We are not required to agree to your request. If we cannot agree to your requested restriction, you will be notified. If we do agree, we will comply with your request unless the information is needed to provide you emergency treatment or we are required by law to use or disclose this information. To request restrictions, you must submit a written request to the Privacy Officer.
- RIGHT TO REQUEST CONFIDENTIAL COMMUNICATIONS: You have the right to request that we communicate with you about health matters in a certain way or at a certain location. Your request should be submitted in writing to the Privacy Officer and must specify how or where you wish to be contacted. We will accommodate all reasonable requests. We will not ask you the reason for your request.
- RIGHT TO A PAPER COPY OF THIS NOTICE: You have the right to a paper copy of this notice at any time. A copy can be requested from your health care provider or the Privacy Officer.
CHANGES TO THIS NOTICE
We reserve the right to change this notice at any time, and to make the revised notice effective for health and billing information we already have about you, as well as any information we receive in the future.
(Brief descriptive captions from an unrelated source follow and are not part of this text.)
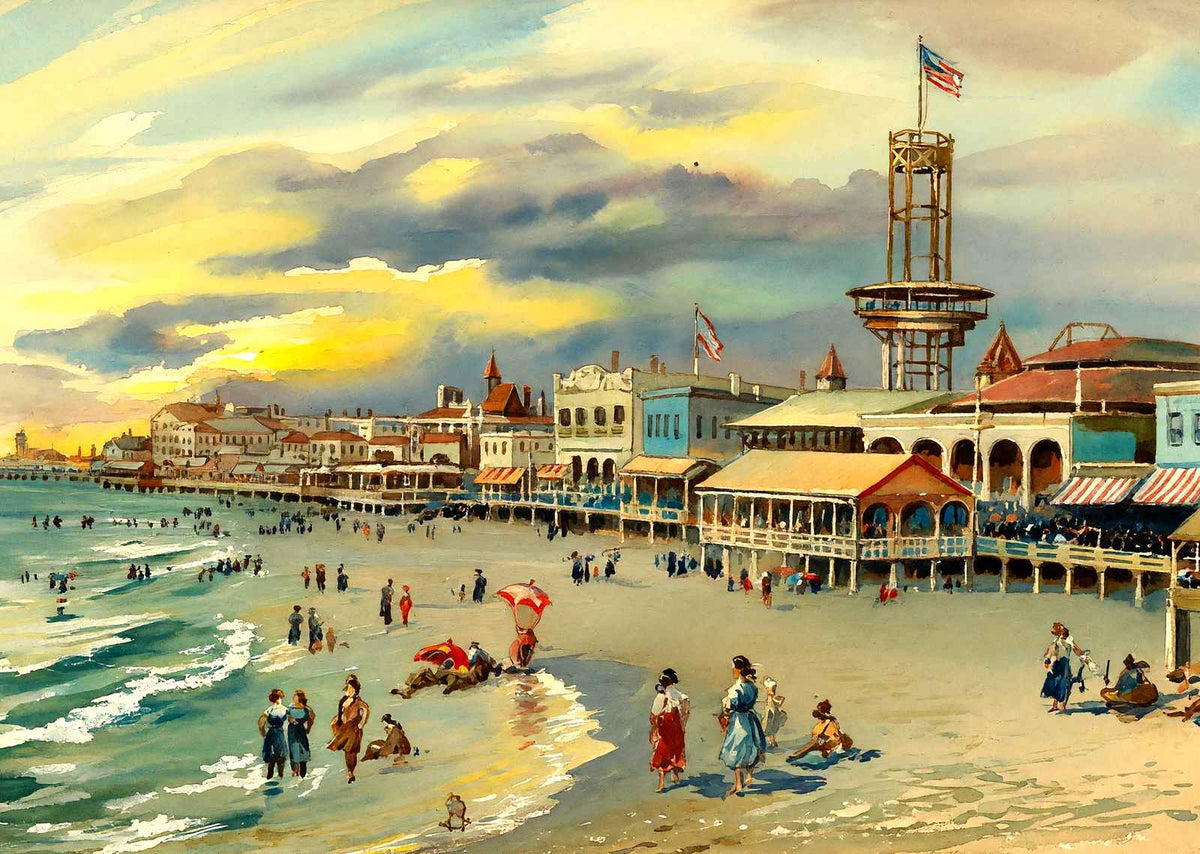 Revolving Observation Tower, Atlantic City art print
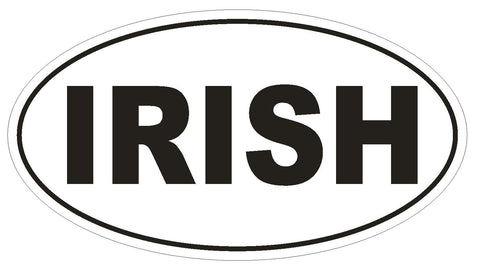 IRISH Euro Oval Bumper Sticker or Helmet Sticker D547 Laptop Cell Saint Pats - Winter Park Products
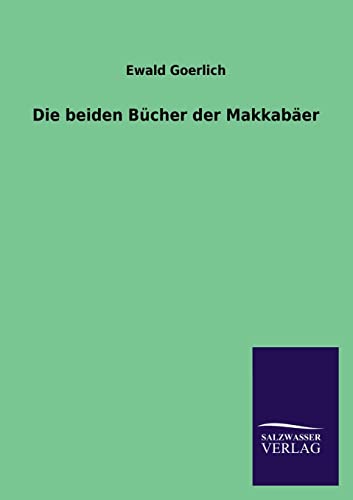 Die beiden Bücher der Makkabäer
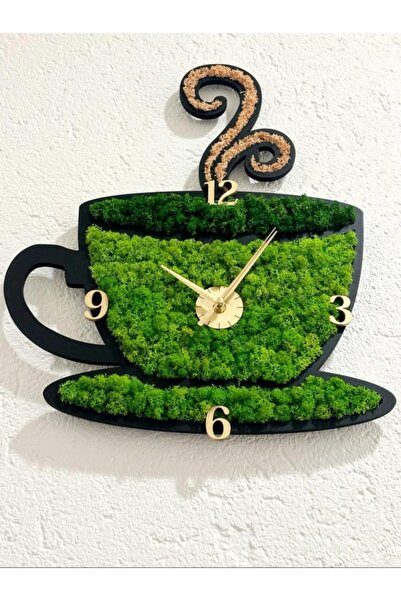 Alex Laser Design Coffee Lichen Clock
The current notice will be posted in our various service areas and will be made available to you at your request. The effective date of the notice will be on the first page, in the top right-hand corner.
COMPLAINTS
If you have any questions or concerns about this notice or our privacy practices, please contact our Privacy Officer at 541-228-3009. If you believe your privacy rights have been violated, you may file a complaint with Cascade Health Solutions at the following address:
Privacy Officer
Cascade Health Solutions
2650 Suzanne Way, Suite 200
Eugene, OR 97408
You may also contact the Secretary of the Department of Health and Human Services at their toll-free telephone number (1-877-696-6775) or at the following address:
Department of Health and Human Services
200 Independence Avenue, SW
Washington, D.C. 20201
There will be no retaliation for filing a complaint.